Late last year I said the Balance Sheet Recession was over. And this quarter’s household debt survey from the NY Fed pretty much confirms that. This was the first year over year increase in debt since 2008. It’s a pretty momentous occasion in my view as it changes the dynamics of the economy from one in which we were de-leveraging to one which is now officially re-leveraging without government aid.
Here’s more from the NY Fed:
“The Quarterly Report on Household Debt and Credit for the third quarter of 2013 shows the first substantial increase in outstanding balances since 2008, when Americans began reducing their debt. As of September 30, 2013, total consumer indebtedness was $11.28 trillion, up 1.1 percent from its level in the previous quarter, although still 11 percent below the peak of $12.67 trillion in the third quarter of 2008.

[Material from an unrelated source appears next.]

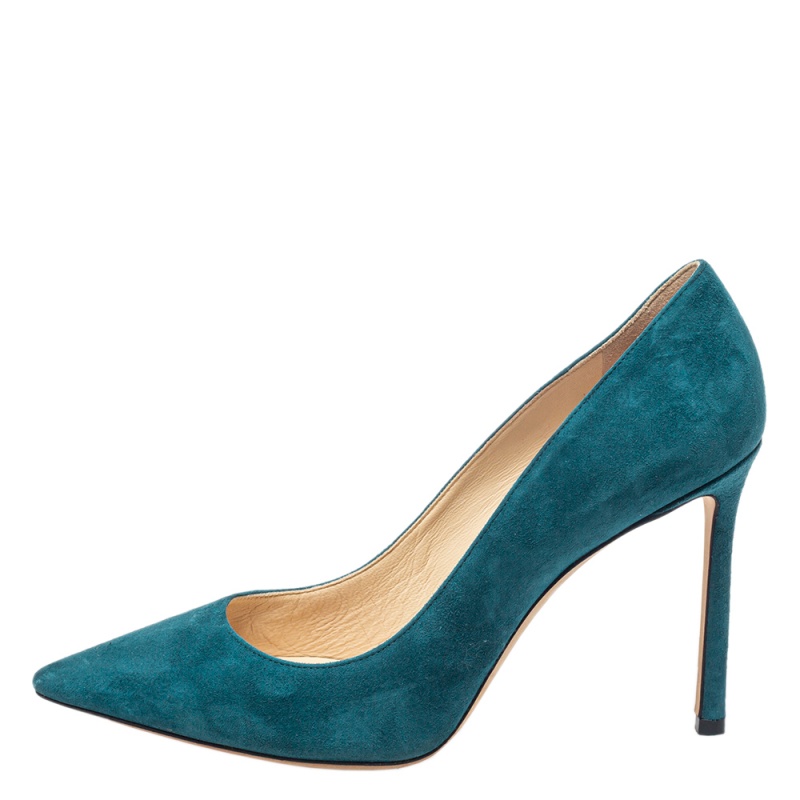 

Jimmy Choo Blue Suede Romy Pointed Toe Pumps Size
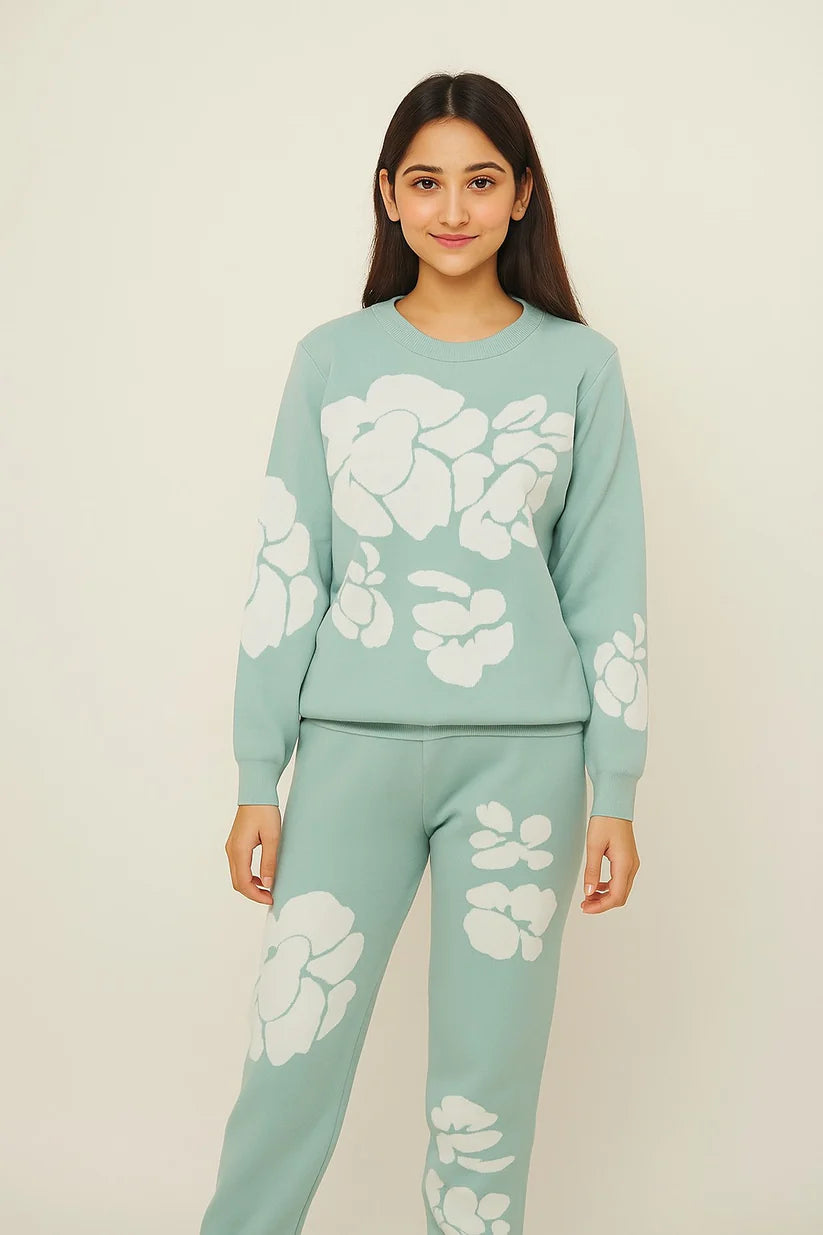 Mint Floral Knit Winter Track Suit ...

Mortgages, the largest component of household debt, increased by 0.7 percent in the third quarter of 2013. Mortgage balances shown on consumer credit reports stand at $7.90 trillion, up by $56 billion from the level in the second quarter. Balances on home equity lines of credit (HELOC) dropped by $5 billion (0.9 percent) and now stand at $535 billion. Household non-housing debt balances increased by 2.7 percent, with gains of $31 billion in auto loan balances, $33 billion in student loan balances and $4 billion in credit card balances.”